I've found as long as one has the bite valve elbow to "off"--one can just quickly yank it right through. I have one in the manta osprey line and it is AWESOME---so much better than camelbak.



donkeykong0 said:


> .... it's not that much effort to get it out of the loops on the shoulder strap.


----------



## ryjack70ss (Jun 19, 2011)

I got the raptor 10 for me and my fiance a couple of weeks ago. Only used it once on the trail but a few times on the road. We each got the small/medium version (I am 5'6" and she is 5'2" and they fit well). They are a little larger than I expected. If you are only riding short trails where you do not need supplies and many tools, I would recommend the raptor 7 or equivalent. If you are going out for a few hours, then the raptor 10 is perfect. The lid loc holds the helmet well when not on your head. Holds plenty of tools and snacks for a few hours. Comfortable as well. Only gripe is that the waist belt pockets do not close. 

ps. we got a red one and yellow one (the yellow one is more yellow than the pictures show in the internet) I really like the yellow color.


----------



## donkeykong0 (Oct 2, 2010)

ryjack70ss said:


> Only gripe is that the waist belt pockets do not close.


one of the biggest reasons i went for the manta, other than the larger size. the rain shell is nice too. although the lid lock isn't as nice as it is on the raptor/viper.


----------



## ChrisMc73 (Jun 6, 2011)

The waist belt pockets don't zip or secure closed you're right, but I don't think its intended to hold the most important stuff is it? I plan to throw my asthma inhaler in there, and i felt it was closed up enough to hold onto that and its important.


----------



## donkeykong0 (Oct 2, 2010)

ChrisMc73 said:


> The waist belt pockets don't zip or secure closed you're right, but I don't think its intended to hold the most important stuff is it? I plan to throw my asthma inhaler in there, and i felt it was closed up enough to hold onto that and its important.
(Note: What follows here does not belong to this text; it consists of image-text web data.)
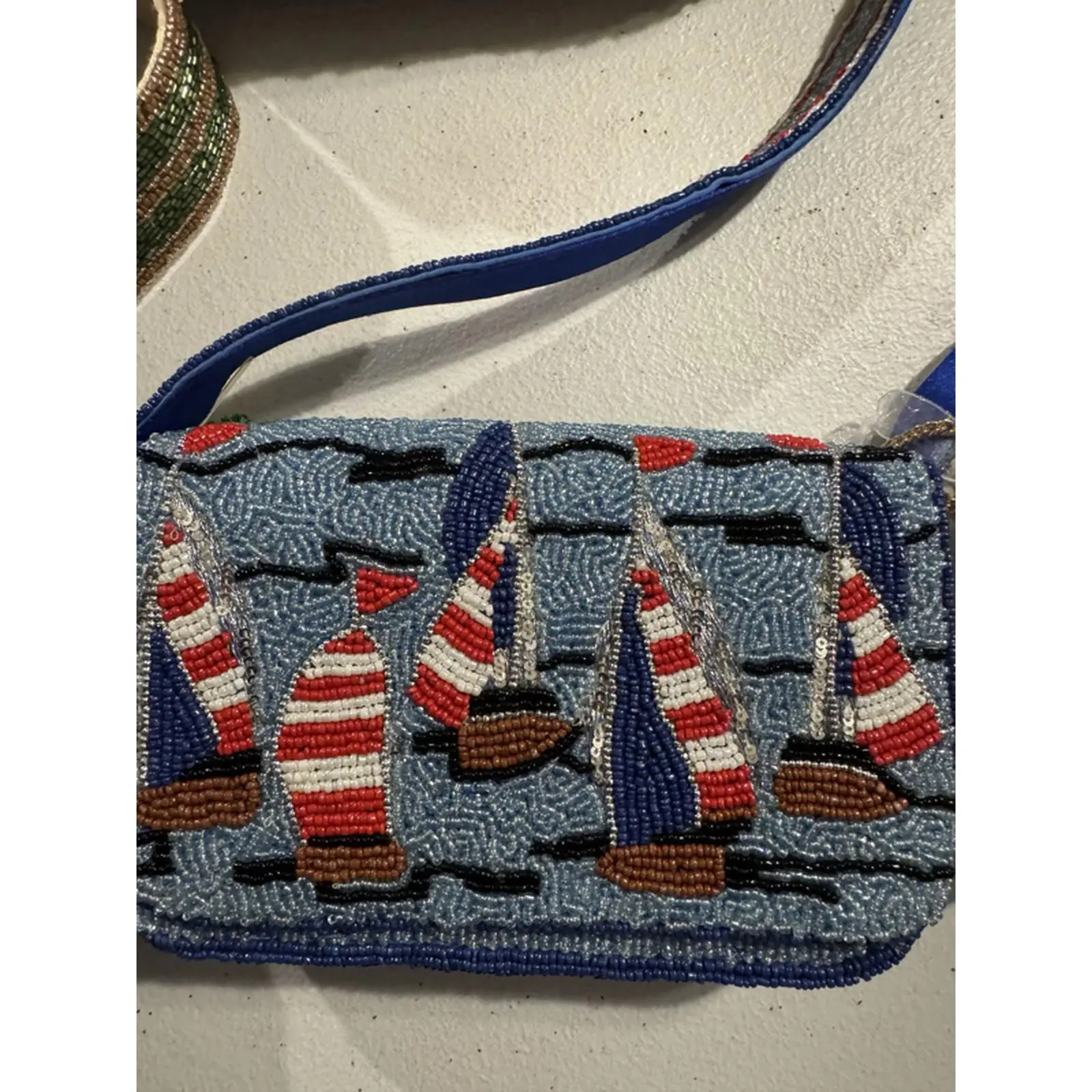 Handcrafted Beaded Sailboat Design Crossbody Bag with Colorful Sailboats and Blue Background
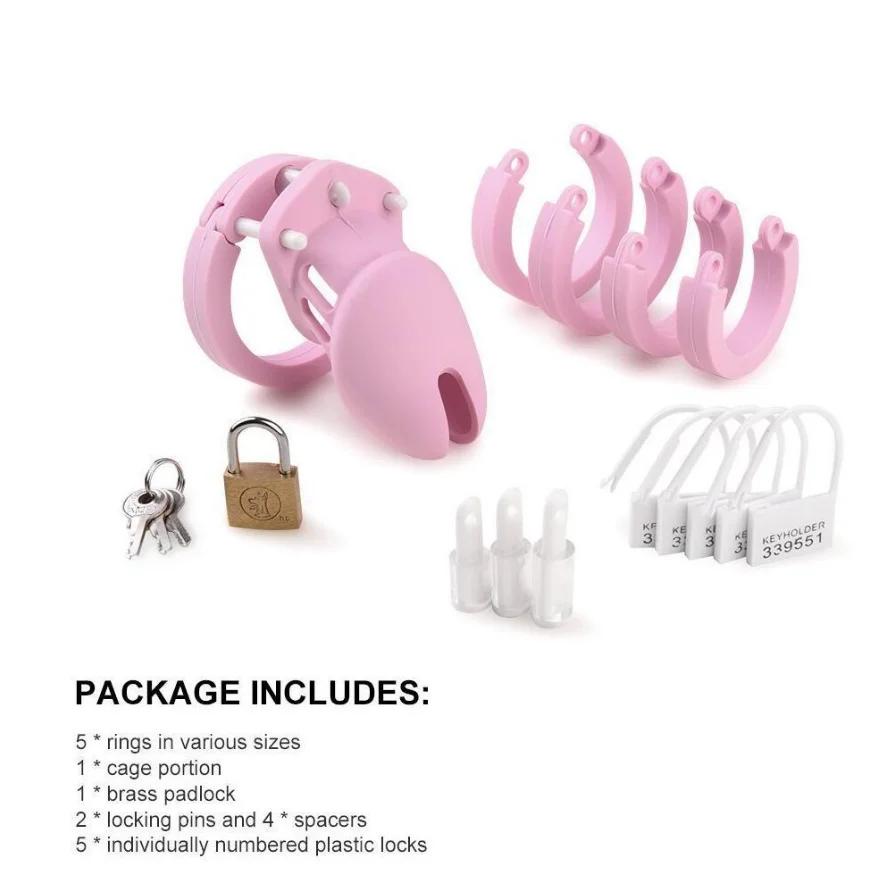 Sex Toys Silicone Small/Standard Male Chastity Device Cock Cage with 5 Rings Brass Lock Locking  Erotic Urethral Adult Game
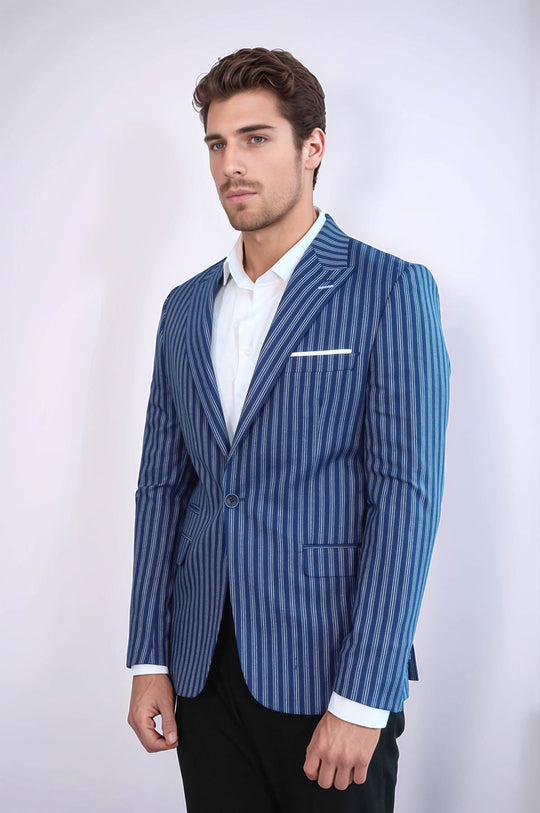Blazer Slim à rayures bleu - Wessi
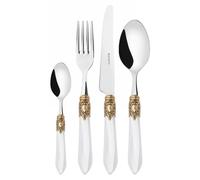 OXFORD Bague dorée, service de couverts 24 pièces, coffret compact, Casa Bugatti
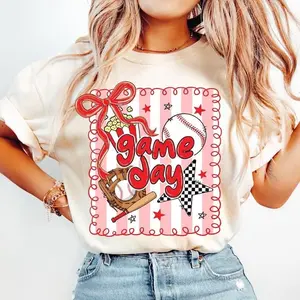 Comfort Colors Preppy Baseball T-Shirt, Game Day Baseball Coquette Shirt, Baseball Bow, Baseball Mama Shirt, Checker Baseball Mom Sublimation, baseball shirt, Cotton Crewneck T-Shirt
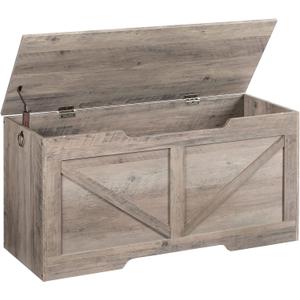 HOOBRO Storage Bench, 39.4 Retro Wooden Storage Chest with U-Shaped Cut-Out Pull, Safety Hinge, Supports 220 lb and Easy Assembly for Toy Box Organizer (Greige) BG771CW01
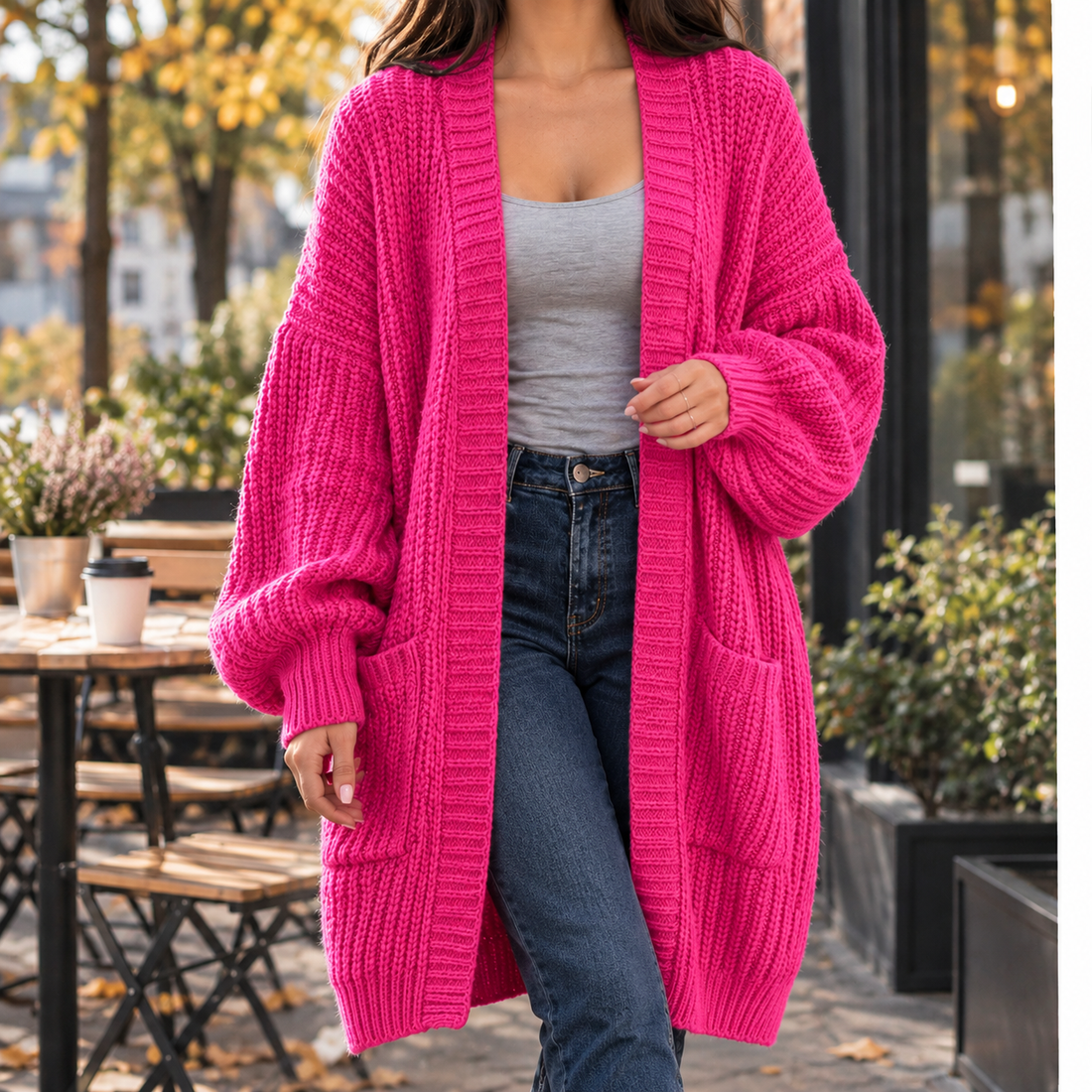 Jemima Longline Cardigan - Rose Red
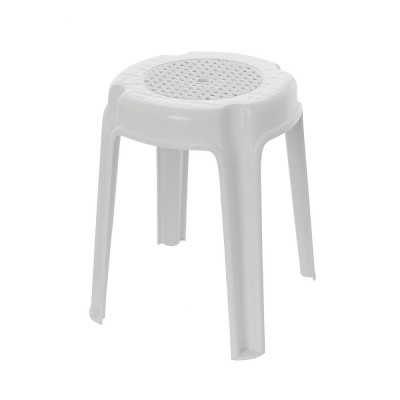 Sgabello bagno multiuso in plastica bianco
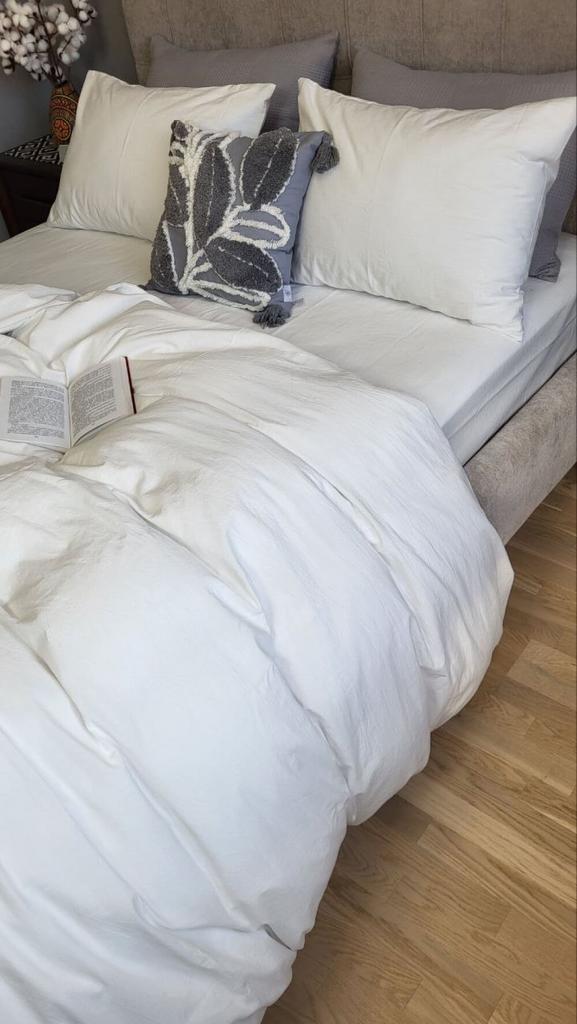 постельное белье вареный хлопок молочного цвета фото 1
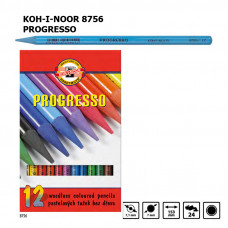 Набір кольорових олівців, 12 шт., бездеревний лаковий корпус, Progresso Koh-I-Noor 8756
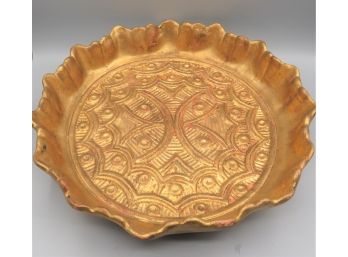 Nora Fenton Import Round Gold-tone Plate - Made In Italy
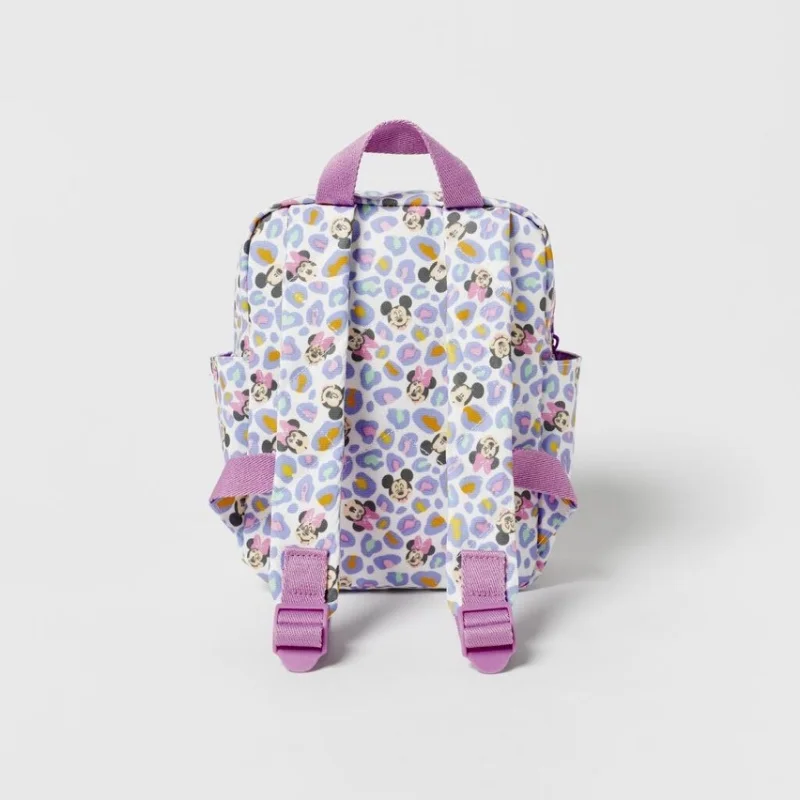 Disney-mochila con estampado de dibujos animados de Mickey y Minnie para niños, de gran capacidad Bolsa Escolar, almacenamiento de libros, guardería, bebé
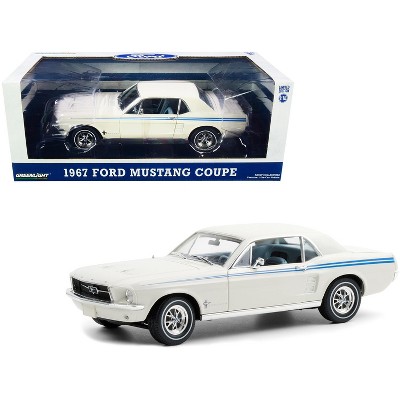 1967 Ford Mustang Coupe Wimbledon White w/Scotchlite Blue Stripes "Indy Pacesetter Special" 1/18 Diecast Model Car by Greenlight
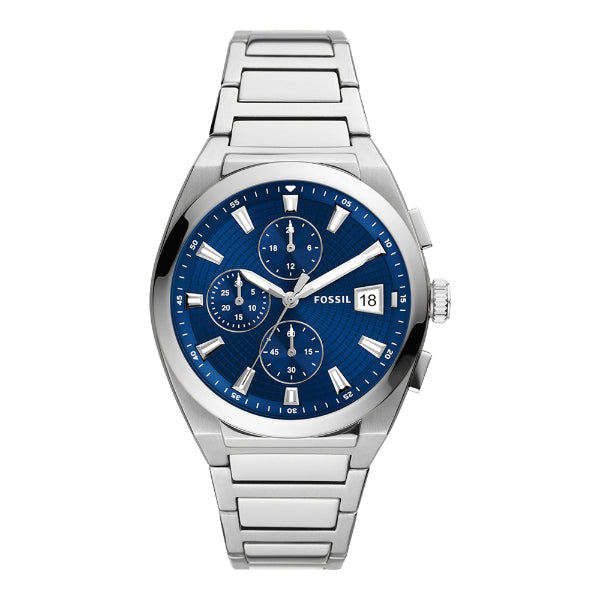 Fossil Everett Silver Stainless Steel Blue Dial Chronograph Quartz Watch for Gents - FS5795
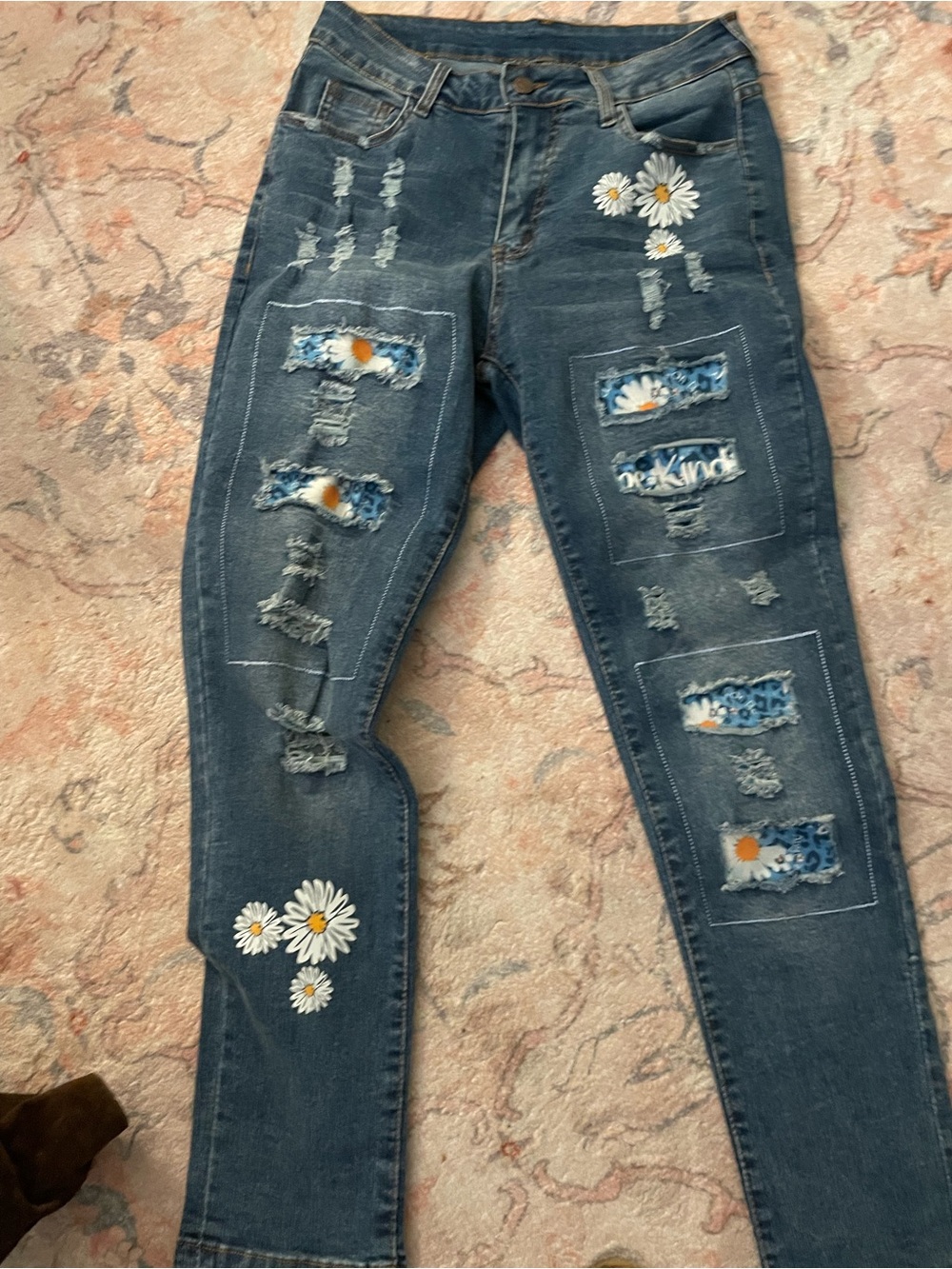 Dark Wash Daisy Patch Distressed Jeans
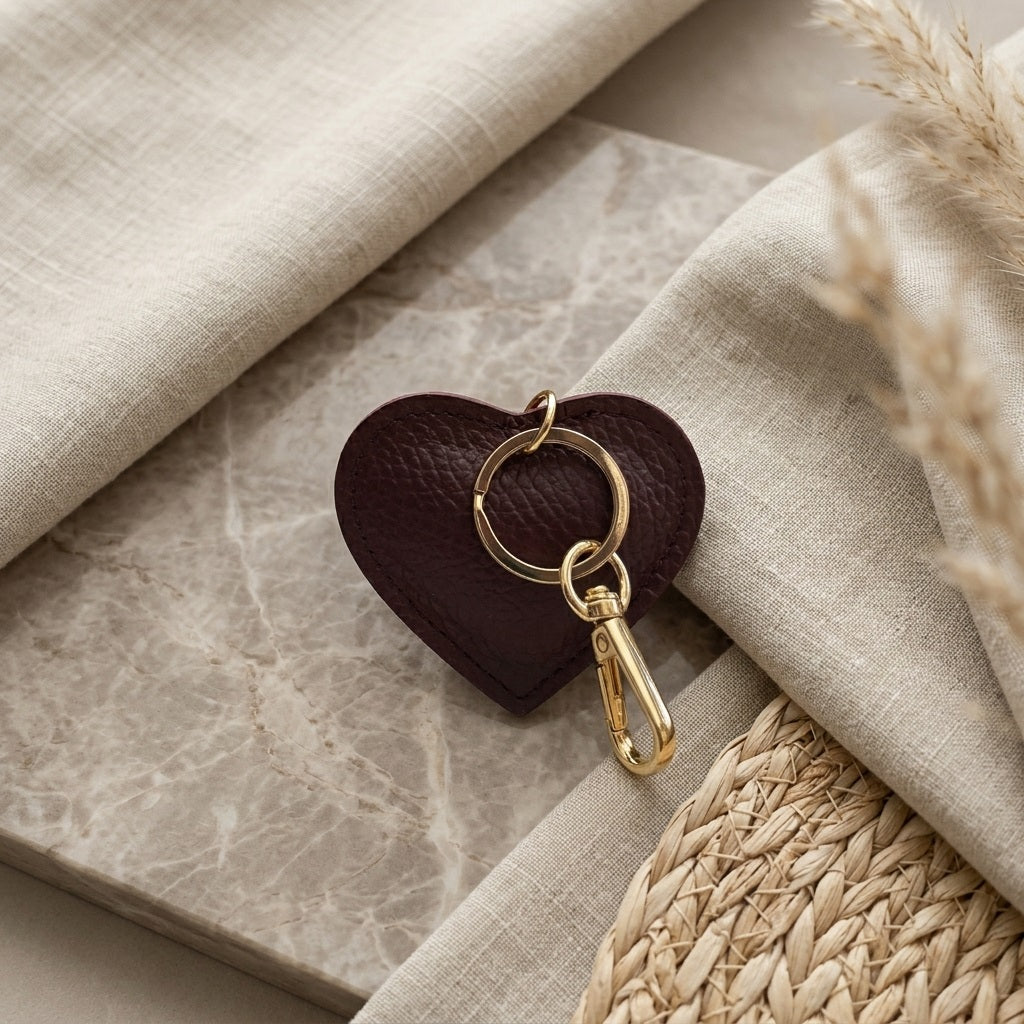 Sleutelhanger Hart Bordeaux van Myjewellen: een elegante bordeauxrode hartvormige sleutelhanger gemaakt van hoogwaardig leer.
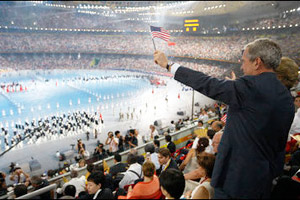 President Bush at the opening of <br>the 2008 Olympic Games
camera on one side and cell phone on the other. wouldn't be possible if they didn't stay closed.


----------



## ChrisMc73 (Jun 6, 2011)

I don't think I'd risk a camera or cell phone, at least not the ones I have, in those pockets. The elastic seems to hold it nice, but on heavier objects like those, they could bounce out. Are you storing the cell phone and camera (small point and shoot) in there? Are they staying well?


----------



## donkeykong0 (Oct 2, 2010)

i have the Panasonic Lumix TS2, which is a shockproof/waterproof model, but i don't think it would matter. I just put the screen facing the inside, I've never had an issue, while I've taken a few tumbles. On the other side i have a pretty delicate smart phone. I used to use a silicone rubber soft case but it just got in the way and I don't use it anymore. The pockets were definitely conceived with use for items like this, they fit perfectly. I know that I personally would hate to have pockets like that without zippers. I won't buy a pack without them.


----------



## donkeykong0 (Oct 2, 2010)

the convenience for grabbing the camera quick or answering a phone call is unbeatable, and worth the miniscule risk to the devices, IMO


----------



## ChrisMc73 (Jun 6, 2011)

donkeykong0 said:


> i have the Panasonic Lumix TS2, which is a shockproof/waterproof model, but i don't think it would matter. I just put the screen facing the inside, I've never had an issue, while I've taken a few tumbles. On the other side i have a pretty delicate smart phone. I used to use a silicone rubber soft case but it just got in the way and I don't use it anymore. The pockets were definitely conceived with use for items like this, they fit perfectly. I know that I personally would hate to have pockets like that without zippers. I won't buy a pack without them.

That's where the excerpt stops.